Le pavé y’en a marre
On se demandait depuis longtemps à quoi bien pouvaient servir les pavés parisiens.
Je ne parle pas de cette délicieuse préparation boulangère à base de farine, de levain et d'eau que l'on apprécie sous un paté (d'immeubles) ou avec un trou du cru (petit fromage affiné au Marc de Bourgogne).
Mais il est bien question ici du pavé de granit, bien connu des Bonnets Rouges et des armoricains (qui contrairement à leurs cousins d'outre-Atlantique, n'ont que le bonnet et plus la peau, de rouge, ni les os d'ailleurs).

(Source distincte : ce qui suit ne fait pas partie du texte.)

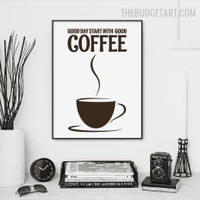 Coffee Cup Abstract Typography Modern Painting image Canvas Print for Room Wall Disposition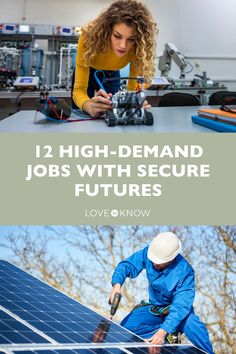 two women working on solar panels with the words, 12 high - demand jobs with secure future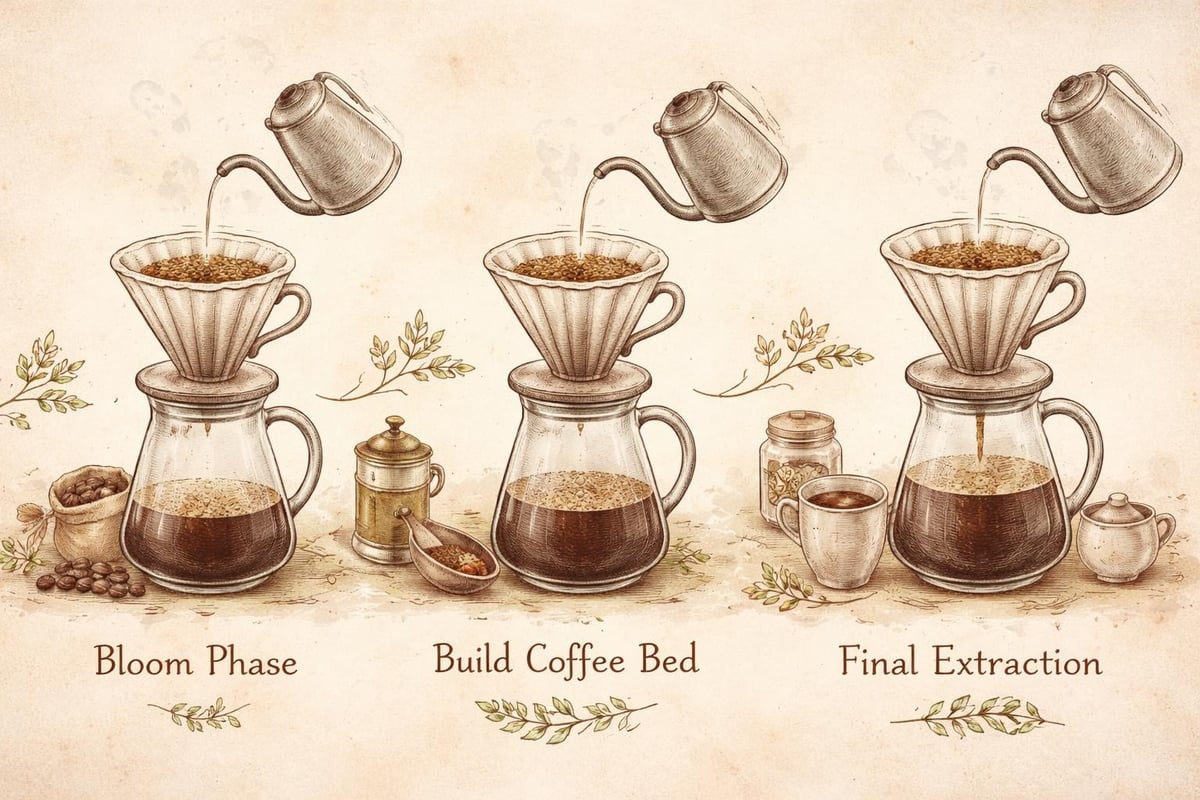 Pourover brewing steps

Ce pavé, qui pourrit la vie des motards l'hiver (ça glisse), des cyclistes l'été (ça tremble) et des automobilistes toute l'année (ça fait du bruit et ça couvre France Culture) se voit reprendre vie quand tout le monde fait grise mine.

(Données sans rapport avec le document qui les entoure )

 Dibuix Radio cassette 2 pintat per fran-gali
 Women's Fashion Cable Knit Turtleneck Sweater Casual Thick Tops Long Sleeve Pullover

Il est même accusé de détériorer le compte d'exploitation de la Ville de Paris, à tel point que l'Hidalgo (non, pas Valls, mais sa cousine) laisse les trous béants sur la chaussée dépavée, ne les répare plus, le budget allant en priorité vers les projets indispensables comme les Autolibs (ah non, c'est fini ça, 300M€), les Vélibs (c'est fini aussi, pardon, 30M€) et les Célibs (qui peuvent batifoler sur les quais devenus piétons, par beau temps).

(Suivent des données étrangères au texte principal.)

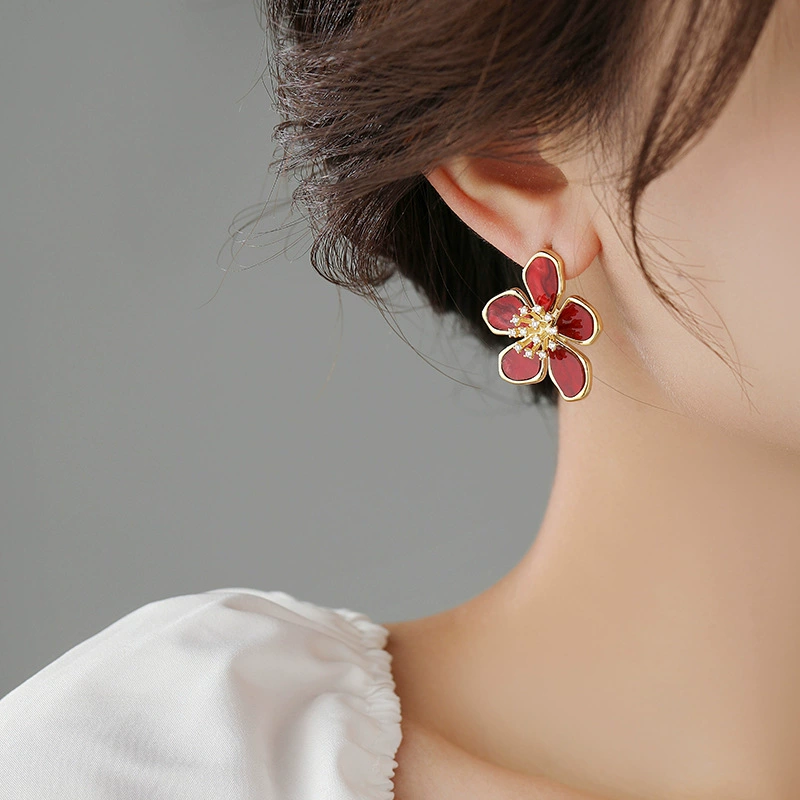Earrings with zircon, high-quality style, flowered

Et bien ce pavé tant décrié, est l'oeuvre d'un génie visionnaire, le roi Philippe Auguste (ne confondez pas avec Edouard Philippe), qui songeait déjà au divertissement du tiers Etat, avec près de 10 siècles d'avance.
En 1185, il décide, aux frais des bourgeois parisiens ulcérés, de paver les axes principaux de la Capitale.
Ils serviront longtemps après, en 1789, lors d'émeutes à Paris, où il fût question de Bastille, de Versailles et de brioches (tient encore une référence boulangère !).
Puis ils reviennent sur le devant de la "Seine" en 1968, où ils servent aux jeunes pour viser les vieux.
Et enfin en 2018, où les jeunes de 68, devenus jaunes, ont réalisé que sous les pavés, n'était pas la plage mais les sables mouvants de la dictature économique et financière mondiale.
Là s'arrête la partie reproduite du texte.